Tried posting on the E53 forums but figured I should see if this group would be able to help.

I am trying to install a replacement MID unit or preferably an Android head unit but am having trouble getting sound.

This car is non nav / non dsp and has the HiFi standard system amp in the back turnk and is also set up for a CD changer/Phone :

S639 Preparation F Mobile Phone Cpl. USA/CDN
S645 BMW US Radio
S650 CD Drive
S661 Radio BMW Business (C43)
S676 HiFi Speaker System
S692 Preparation, BMW 6-CD Changer I-Bus

I bought this car and the original Multi Unit turned on but had no sound and the pixels were mostly dead. I took it out and replaced it with a AVIN Android Unit and assumed it would be plug and play as my unit did not have DSP / NAV. When I did install (just the 40 pin plug), the sound was working the first day (with a giant buzz on the rear driver side speaker) but it was working.

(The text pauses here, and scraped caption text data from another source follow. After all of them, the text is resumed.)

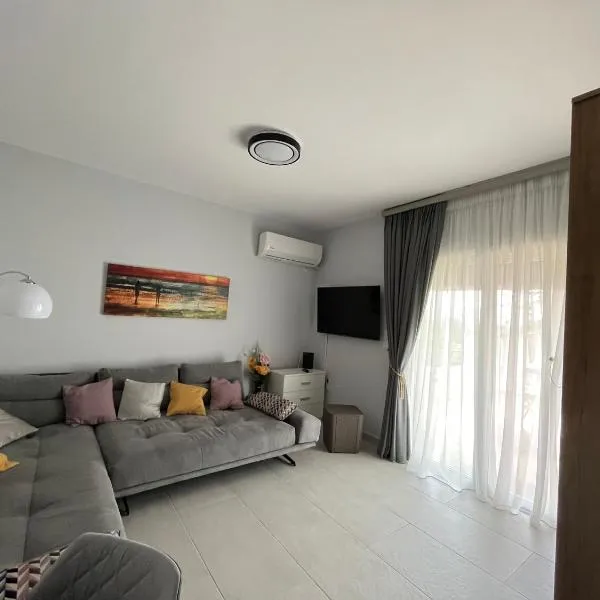 Relax apartment 50m from the sea, hotell Loutrakis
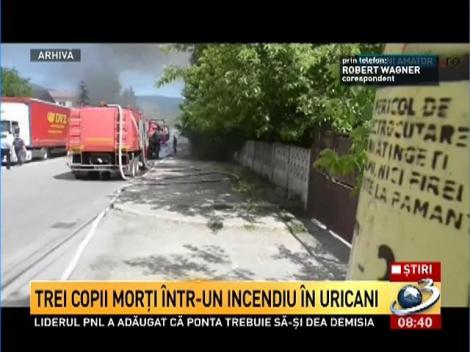 3 copii au murit într-un incendiu în Uricani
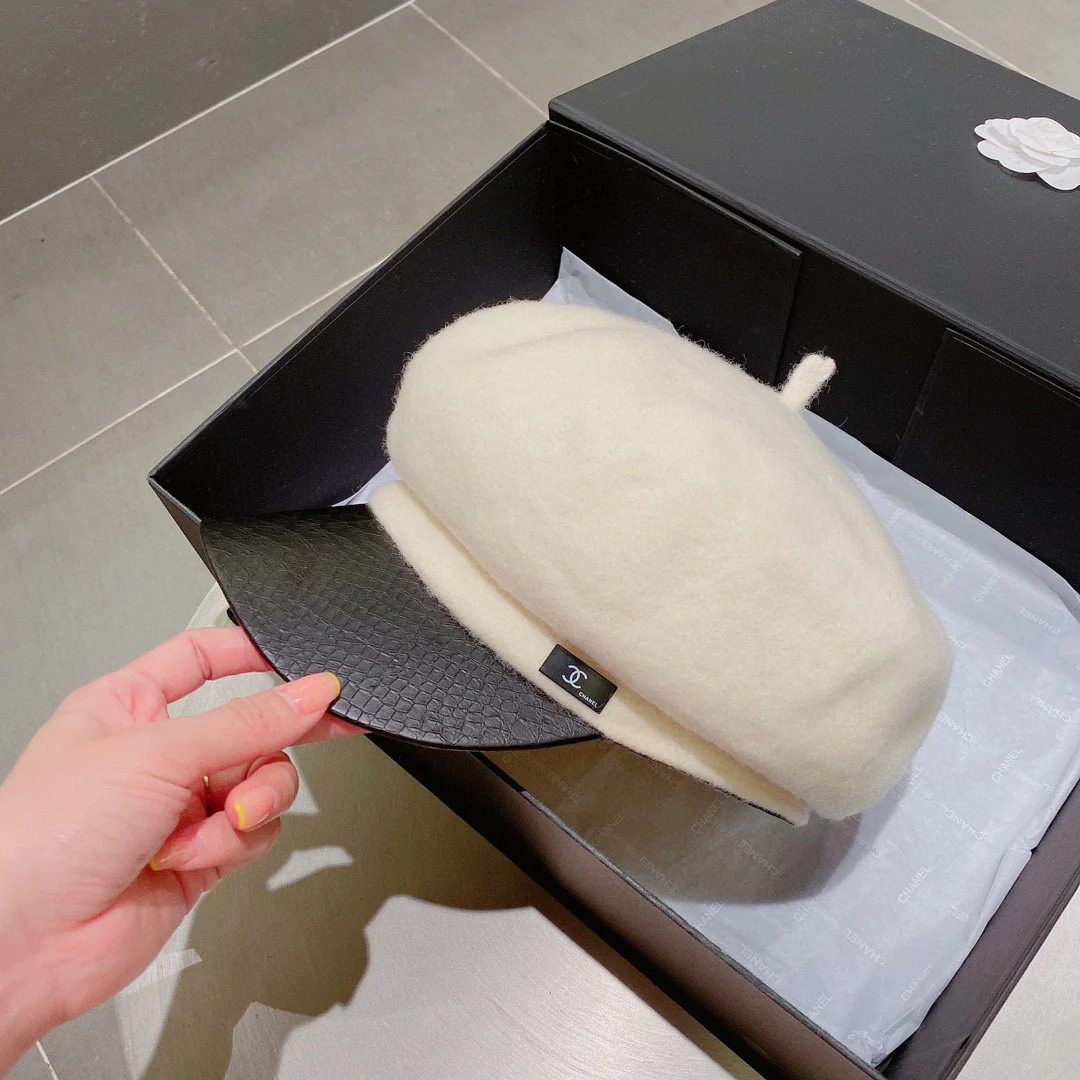 Chanel - Шерстяная военная кепка с клювом-?уточкой? - Белая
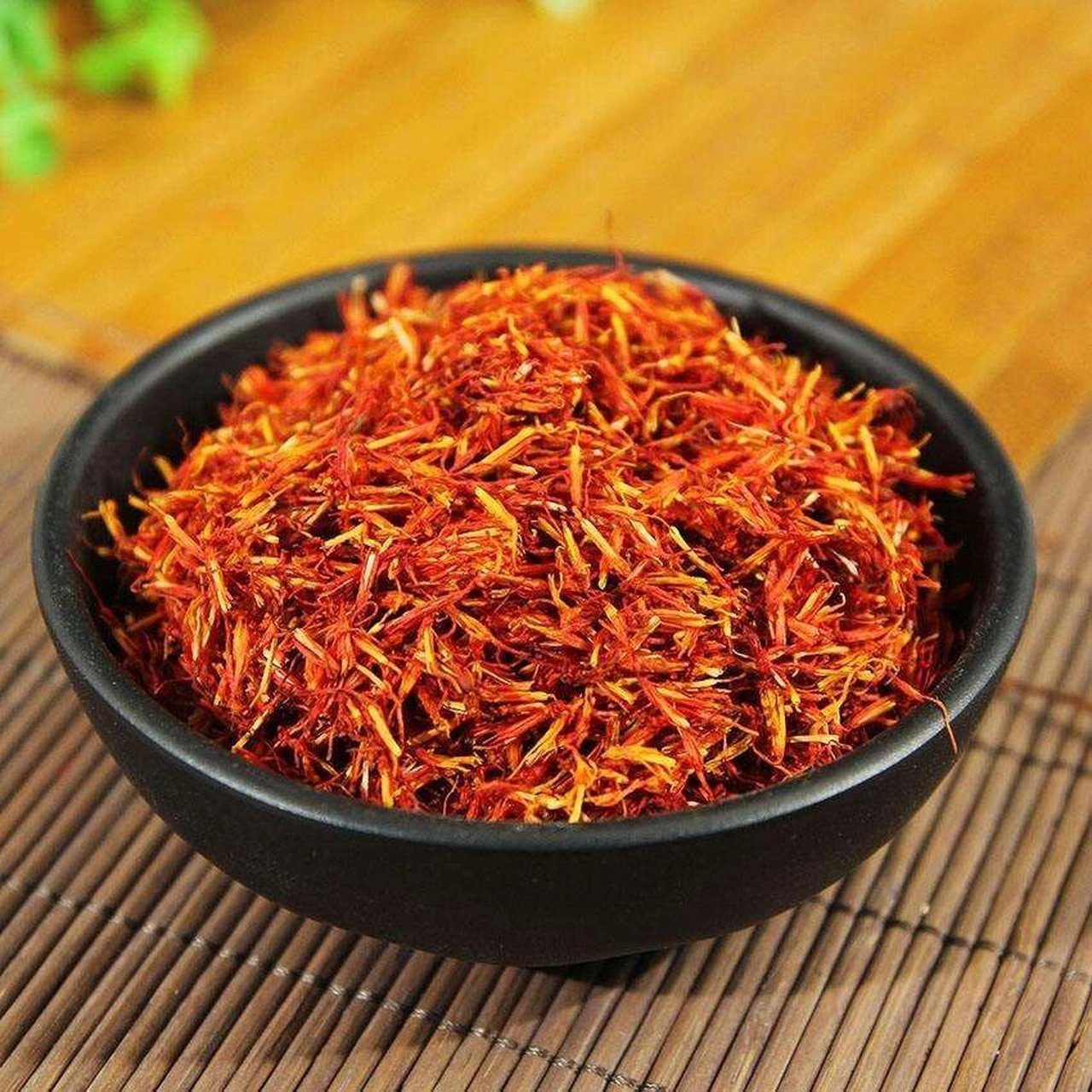 极简科普|🌿每天一种中药植物图鉴 🌼【药名】:红花 🌸【性味】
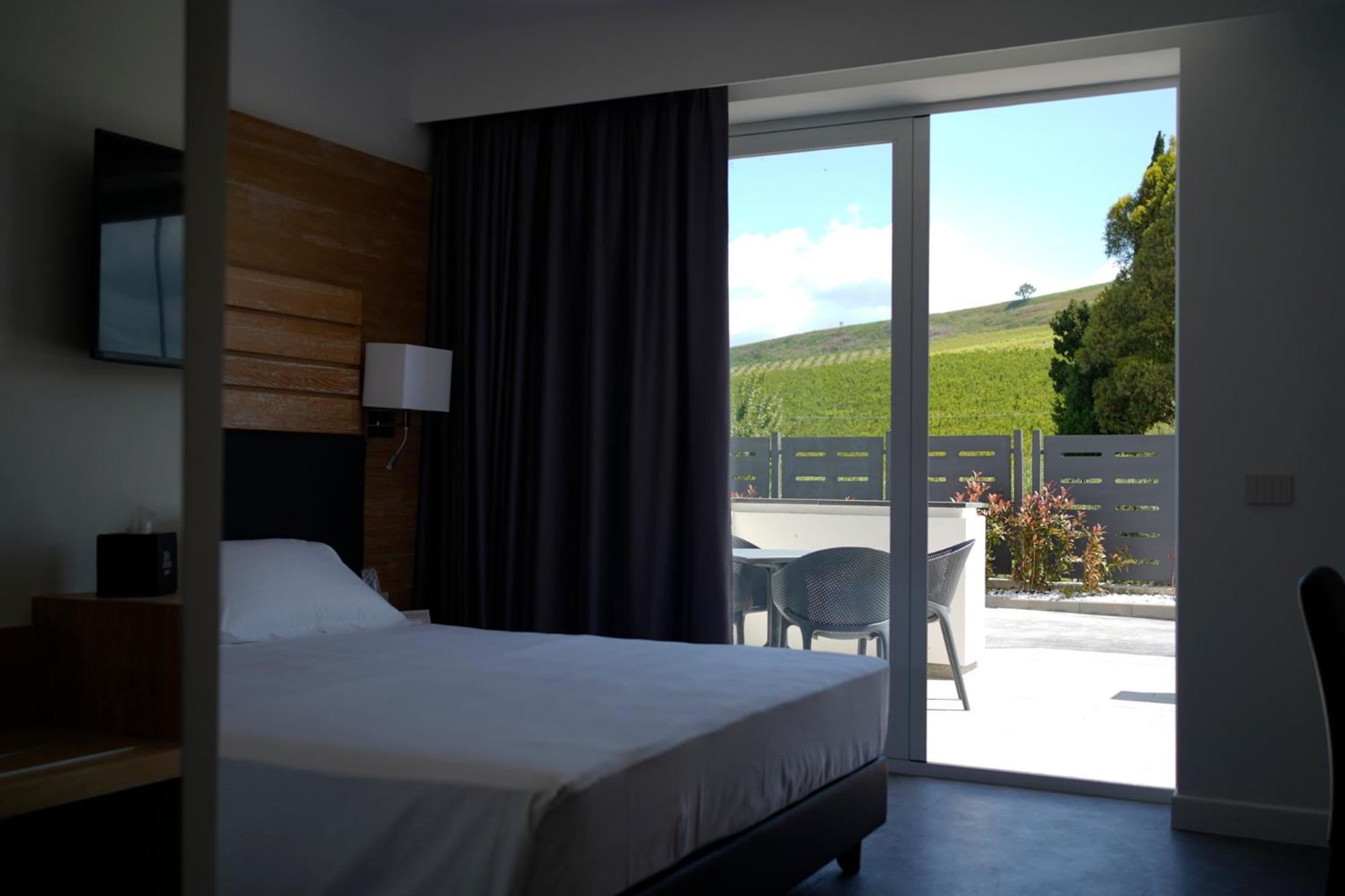 Suite with Balcony - Photo 9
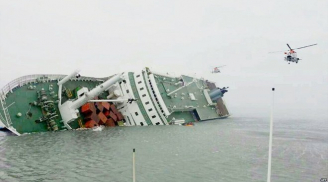 Hình ảnh kinh hoàng khi tàu Sewol chìm gây chấn động thế giới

The next day, the system turned on but I had no sound or buzzing. I tried another android unit (Seicane) and same thing, no sound. I finally tried an OEM Multi Unit that I bought and tried plugging that in, but it won't even power on (same now with my old broken one).

I am assuming that my rear amp is fried but wanted to check with anyone here if that is likely the case. Is it my understanding that the rear amp powers the speakers and the android headunit that connects to the 40PIN is just connecting to the amp in the rear.

Also would love to get feedback on what my best options are:

1.) Replace OEM AMP 65128379376 - Easiest Method, but will this be enough to power an android unit? I am not too concerned about sound quality.

2.) Replace Aftermarket - Assuming this would be a much more complex method and would require a professional; however, is this worth the effort as I do see cheaper new Alpine Amps.


3.) Do they android units have a built in amp and is that why my sound was working for a day?

4.) What could the reason be why my oem Multi Units won't even turn on? Are they locked until I reset my batter?

Notably looking for help from @crowz who I have been reading posts on.

Thanks all for the help.

Will


----------



## Annolago (Jan 17, 2018)

There is no amp in the Android units. On the other matters it is difficult to tell as it could be a lot of different issues. Any chance you have a code reader to see if your car would help us by maybe a code or two? Also forgive me for asking but have you checked the fuses related to your radio/amp?
The problem is it could be the amp or wiring or ground issue or vin lock - have no specific knowledge on your model so I am guessing. 
In any case a replacement amp for the standard system cannot cost a lot, so you could always just throw some money at it. 
Best of luck.


----------



## jokgga (Jun 2, 2003)

Replaced the amp but still no sound. All the fuses were tested to be ok (although one fuse in the back has a 7.5amp fuse when it should be a 5’ amp fuse.

The old amp did have corrosion and so does the amp connector. Is it possible that the amp connector is defective now? How can I tell and / or replace?

I did find that this was due to water going in the trunk area (clogged drain)..
Could this have done damage to another area? Taillight and all other non stereo electrical work fine. 
What else could be the issue? This silent car is such a drag!!


----------